Thank you for the response.
The Orb lights are amazing
a little out of my price range
but they do have one in silver.

http://www.lummi.co.uk/silver.php

thanks again


----------



## Redi4CandlePower (Jan 3, 2008)

Do you know if Orb has a USA vendor
or must one order from the UK?

Thanks


----------



## Richwouldnt (May 18, 2014)

Thought that I would revive this one.

It looks like Lumini and the Orb is gone as the above link is dead and a cursory web search did not turn up any other silver LED flashlights. Does anyone know of any current source for sterling silver lights or are we stuck with Stainless steel and Ti as alternatives for the ubiquitous aluminum lights? I guess there are also some brass and copper custom lights out there too.


----------



## electromage (May 19, 2014)

Richwouldnt said:


> Thought that I would revive this one.
> 
> It looks like Lumini and the Orb is gone as the above link is dead and a cursory web search did not turn up any other silver LED flashlights. Does anyone know of any current source for sterling silver lights or are we stuck with Stainless steel and Ti as alternatives for the ubiquitous aluminum lights? I guess there are also some brass and copper custom lights out there too.



Yes, Lummi is gone, he started selling lights he couldn't deliver and destroyed his reputation. If you're looking for a sterling silver light you're probably open to spending a bit of money on it. PhotonFanatic has some experience with small batches of lights from exotic metals. I don't know what the status of this is, but if you PM him you might be able to get a quote.


----------



## Bullzeyebill (May 19, 2014)

My wife has a beautiful sterling silver Killer, a single AAA light by PhotonFanatic.

Bill


----------



## Backpacker Light (May 20, 2014)

I was disappointed. I thought this thread was about some really old vintage silver plated flashlights.

Over a hundred years ago, can you imagine, these are for real....

http://www.flashlightmuseum.com/Eve...Silver-Plated-Vest-Pocket-Light-MIB-2AAA-1913


----------



## StarHalo (May 20, 2014)

Backpacker, classy stuff; whoever owns it should shine it though, best to see it as it was..

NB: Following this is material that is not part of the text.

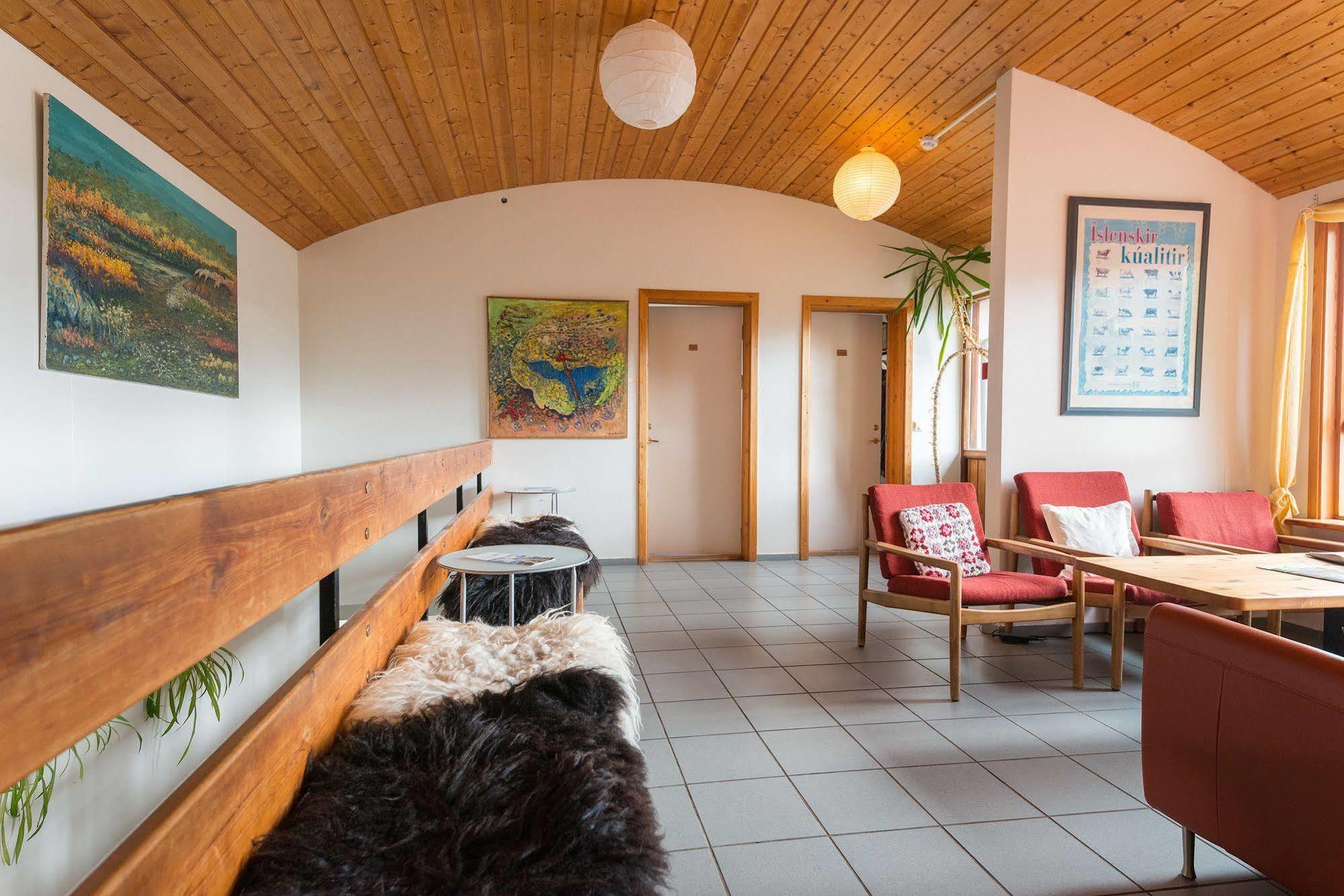 Brekkulaekur Guesthouse Hunathing Vestra Esterno foto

And in theory any light could be plated silver, there's gotta be a silver Mag out there somewhere..


----------



## Norm (Aug 8, 2014)

Bullzeyebill said:


> My wife has a beautiful sterling silver Killer, a single AAA light by PhotonFanatic.
> 
> Bill


----------



## Bullzeyebill (Aug 8, 2014)

Darn Norm, I'm just not good with pics. Patty has the good camera. Maybe I can talk her into getting a pic up here on CPF.

Bill


----------



## mcbrat (Aug 13, 2014)

TnC is contemplating a Silver run.


----------